Ce mot simplement pour te signaler que je t'aime.
Signé : tu sais qui.
Ces quelques mots, griffonnés à la va-vite sur une note insérée dans une enveloppe jaune, sont reçus par une quinzaine d'habitants de la place d'Arezzo, dans un quartier chic de Bruxelles. Ils suffisent à provoquer les sentiments les plus violents : curiosités sensuelles et sexuelles inassouvies, vieilles rancoeurs supposées enfouies, amours réparatrices ou encore jalousies destructrices vont se révéler au grand jour et agiter ce quartier dont le seul signe habituel de fantaisie réside dans les nombreux perroquets écumant la cime des arbres de la place.
La structure du roman est ambitieuse. On suit une vingtaine de personnes, qui n'ont a priori en commun que d'habiter sur la même place, et de recevoir la même lettre. Les chemins de toutes ces personnes, aux profils souvent radicalement opposés, vont pourtant se croiser en permanence, les uns étant les amis, enfants, neveux, employés ou clients des autres.
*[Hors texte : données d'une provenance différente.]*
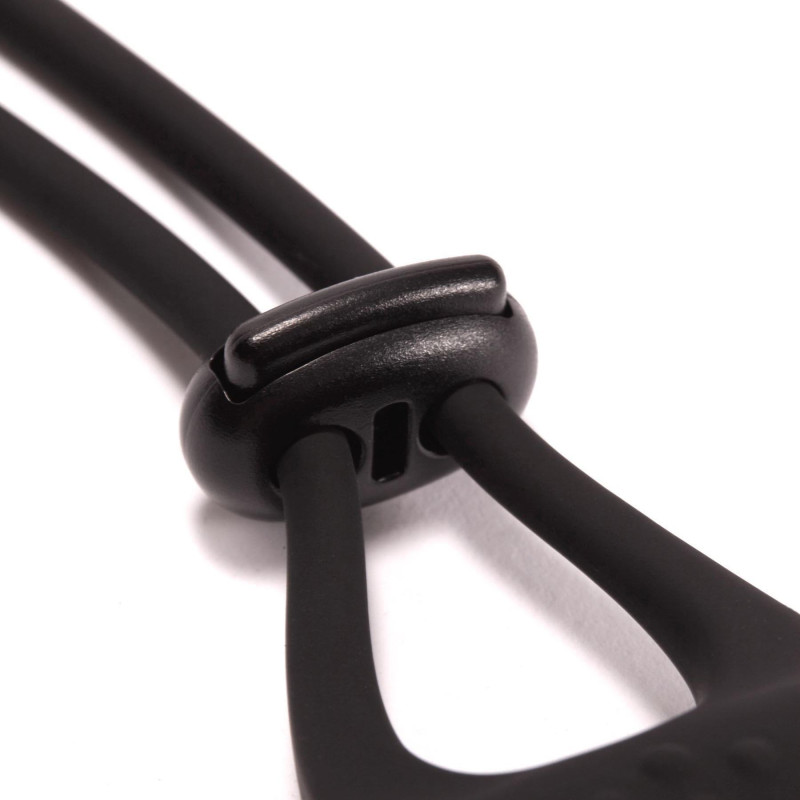 Віброкільце-ласо Pornhub Vibrating Tighten Up Ring (незначні дефекти пакування)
Pour y voir clair, Schmitt a sans doute du tracer une frise chronologique illustrant les interactions entre eux. Malheureusement, le lecteur ne possédant pas de telle frise peut par conséquent avoir l'impression de jouer (et parfois de perdre) une réelle partie de "Qui est-ce?".
Schmitt écrit de manière agréable et ciselée. Son expérience d'auteur de théâtre est clairement visible ici, la majorité du roman étant composée de dialogues coulants et souvent très justes dans les émotions transmises. Il fait d'ailleurs preuve d'une réelle tendresse pour ses personnages, les expose, les justifie, et parfois les accable, mais jamais avec malice.
En revanche, ces nombreux personnages sont souvent trop caricaturaux, à l'exception d'un ou deux mieux équilibrés. Caricaturaux surtout dans leur évolution rapide lors des quelques jours que couvre l'intrigue. Etant donné que le lecteur passe très peu de temps avec chacun, ces évolutions paraissent trop superficielles. Pire, le fait de ne passer que trop peu de temps avec chacun n'aide pas vraiment le lecteur à se préoccuper du sort de ces personnalités trop "2D". On reste tel un de ces perroquets qui hantent les hauts arbres de la place d'Arezzo, plongeant le regard à l'envi dans les salons richement éclairés et les chambres aux lumières tamisées des appartements mais ne pouvant se rapprocher : un observateur externe qui ne pénètre que trop rarement dans l'espace véritablement intime des personnages.
Les ficelles scénaristiques utilisées, enfin, sont souvent assez grosses. Ce n'est pas vraiment un souci en soi : le but de Schmitt n'est pas ici de raconter une histoire, mais plutôt d'exposer les passions et perversions de chacun. Perversions d'ailleurs aussi bien amoureuses et sexuelles que personnelles : Schmitt n'est jamais dans ce roman plus pertinent que lorsqu'il décortique le mal-être des exclus, des "punis" de la société moderne. Mais ce sont des moments malheureusement trop rares. Reste au final un roman agréable à lire, mais qui aurait gagné à se concentrer sur moins de personnages et entrer plus en profondeur dans chacune de leurs histoires respectives.